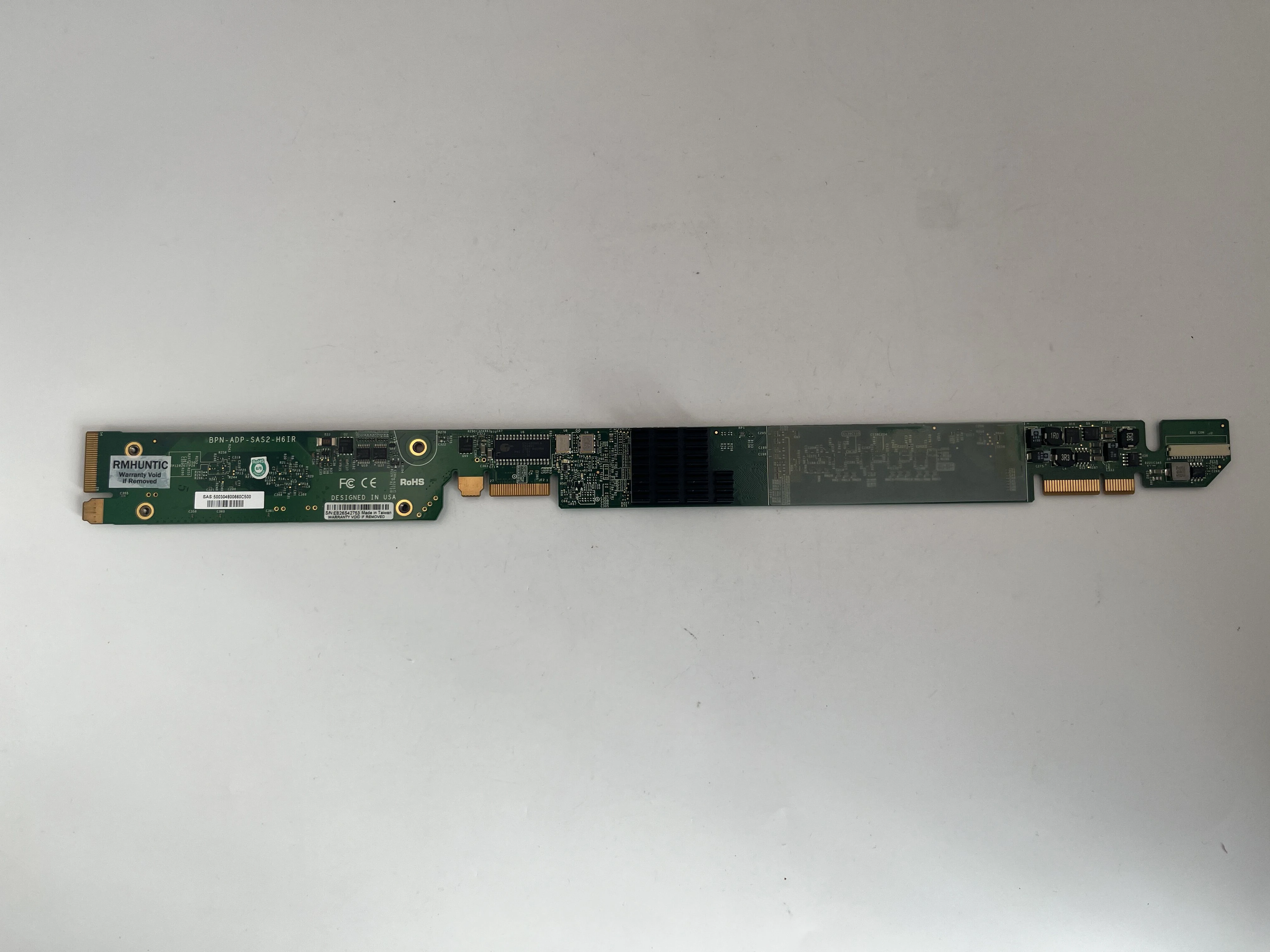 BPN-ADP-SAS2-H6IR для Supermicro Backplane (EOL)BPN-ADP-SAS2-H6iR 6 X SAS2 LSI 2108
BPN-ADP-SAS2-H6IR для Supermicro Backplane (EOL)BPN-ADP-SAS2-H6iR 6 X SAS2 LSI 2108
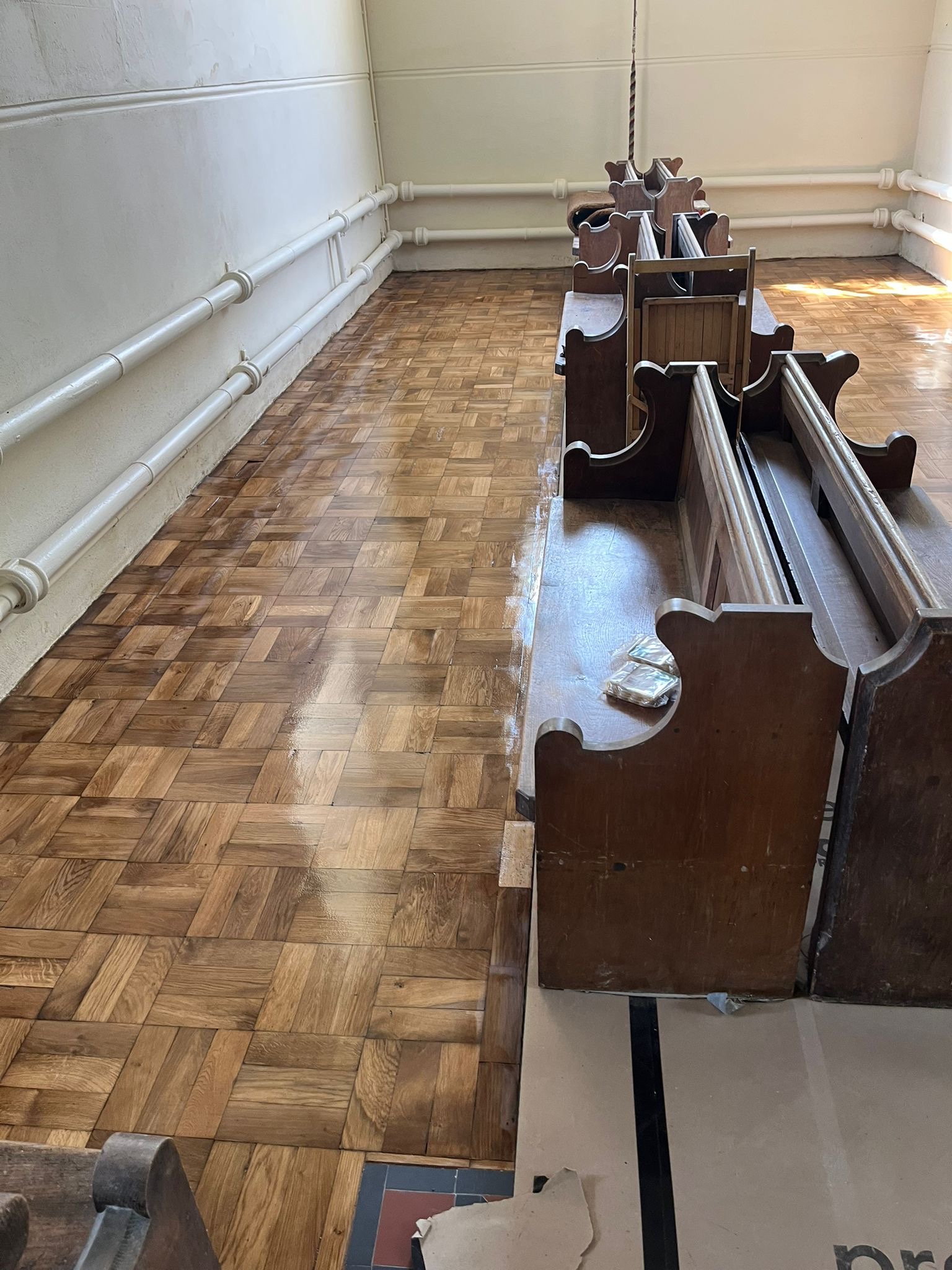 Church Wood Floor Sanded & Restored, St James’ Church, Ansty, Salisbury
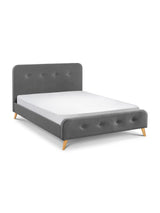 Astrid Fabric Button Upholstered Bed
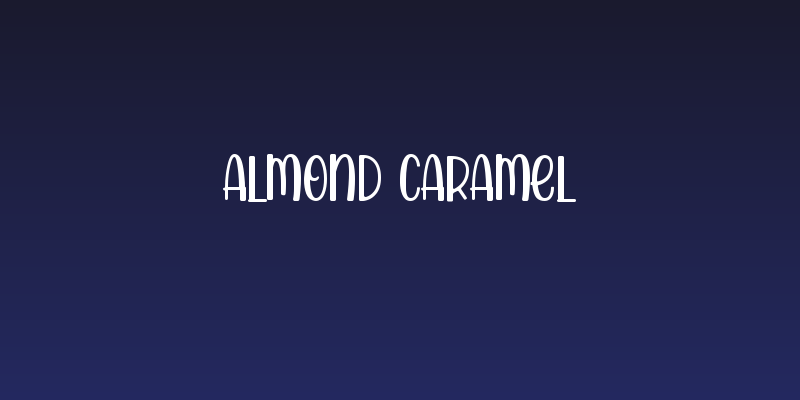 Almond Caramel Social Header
-*-*-
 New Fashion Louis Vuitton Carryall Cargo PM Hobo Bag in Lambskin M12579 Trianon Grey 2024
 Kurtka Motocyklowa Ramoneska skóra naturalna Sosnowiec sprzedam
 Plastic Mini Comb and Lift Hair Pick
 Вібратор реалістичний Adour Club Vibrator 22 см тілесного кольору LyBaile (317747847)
-*-*-
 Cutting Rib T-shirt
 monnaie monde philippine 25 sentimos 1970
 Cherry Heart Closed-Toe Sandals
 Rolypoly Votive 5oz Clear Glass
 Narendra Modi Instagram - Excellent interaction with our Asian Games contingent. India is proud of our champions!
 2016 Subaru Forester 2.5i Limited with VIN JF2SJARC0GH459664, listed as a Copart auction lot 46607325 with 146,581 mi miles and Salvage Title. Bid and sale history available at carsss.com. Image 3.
-*-*-
Copy out, exactly and alone, the lines of the entries above between the ones holding "Plastic Mini Comb and Lift Hair Pick" and "Вібратор реалістичний Adour", inclusive.

 Plastic Mini Comb and Lift Hair Pick
 Вібратор реалістичний Adour Club Vibrator 22 см тілесного кольору LyBaile (317747847)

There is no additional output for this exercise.